Extract the “path” of a data point through a decision tree in sklearn
-
16-10-2019 - |
문제
I'm working with decision trees in python's scikit learn. Unlike many use cases for this, I'm not so much interested in the accuracy of the classifier at this point so much as I am extracting the specific path a data point takes through the tree when I call .predict()
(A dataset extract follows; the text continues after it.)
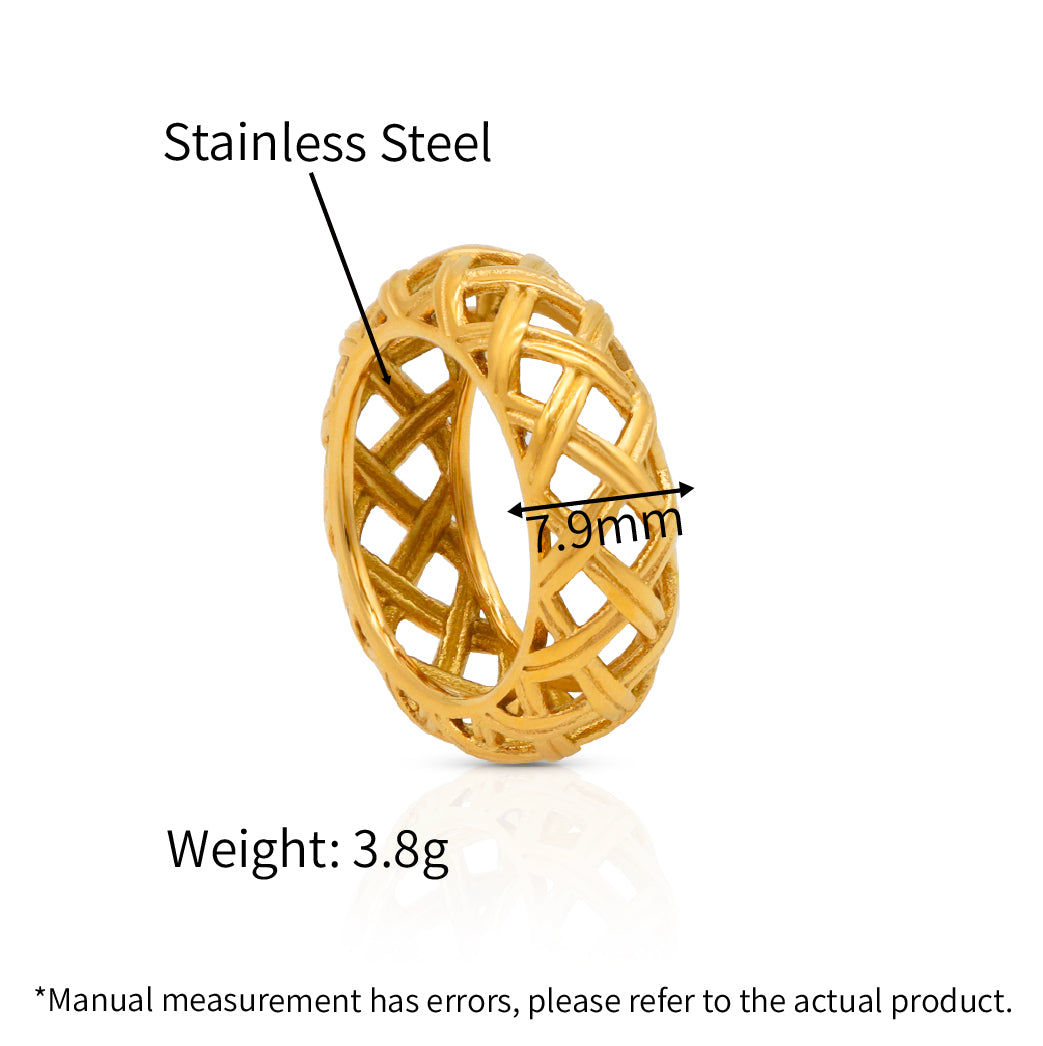 Hollow Out Weave Ring- 18K PVD Gold Plated 316L Stainless Steel - R063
on it. Has anyone done this before? I'd like to build a data frame containing ($X_{i}$, path$_{i}$) pairs for use in a down-stream analysis.
해결책
Looks like this is easier to do in R, using the rpart
library in combination with the partykit
library. I'd ideally like to find a way to do this in python, but here's the code, for anyone who is interested (taken from here):
pathpred <- function(object, ...){
## coerce to "party" object if necessary
if(!inherits(object, "party")) object <- as.party(object)
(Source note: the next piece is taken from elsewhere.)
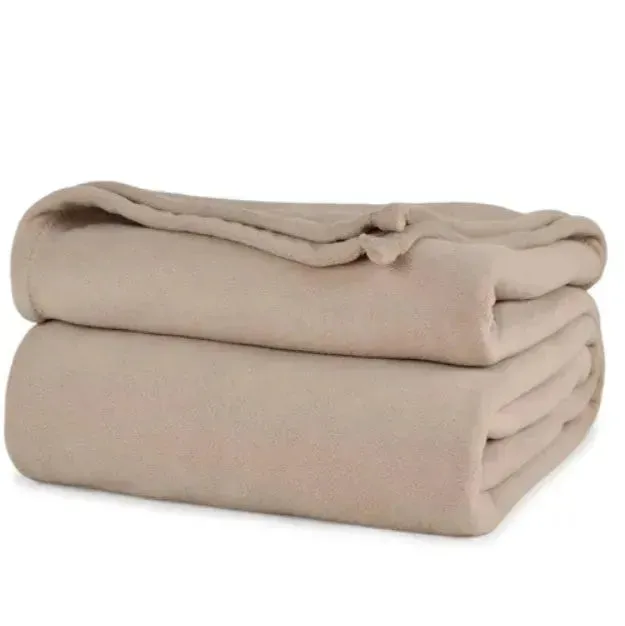 BHM Collection Light Weight Fleece Blankets 2 PK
## get standard predictions (response/prob) and collect in data frame
rval <- data.frame(response = predict(object, type = "response", ...))
rval$prob <- predict(object, type = "prob", ...)
## get rules for each node
rls <- partykit:::.list.rules.party(object)
## get predicted node and select corresponding rule
rval$rule <- rls[as.character(predict(object, type = "node", ...))]
return(rval)
}
Illustration using the iris data and rpart():
library("rpart")
library("partykit")
rp <- rpart(Species ~ ., data = iris)
rp_pred <- pathpred(rp)
rp_pred[c(1, 51, 101), ]
Yielding,
response prob.setosa prob.versicolor prob.virginica
1 setosa 1.00000000 0.00000000 0.00000000
51 versicolor 0.00000000 0.90740741 0.09259259
101 virginica 0.00000000 0.02173913 0.97826087
rule
1 Petal.Length < 2.45
51 Petal.Length >= 2.45 & Petal.Width < 1.75
101 Petal.Length >= 2.45 & Petal.Width >= 1.75
Which looks to be something I could at least use to derive shared parent node information.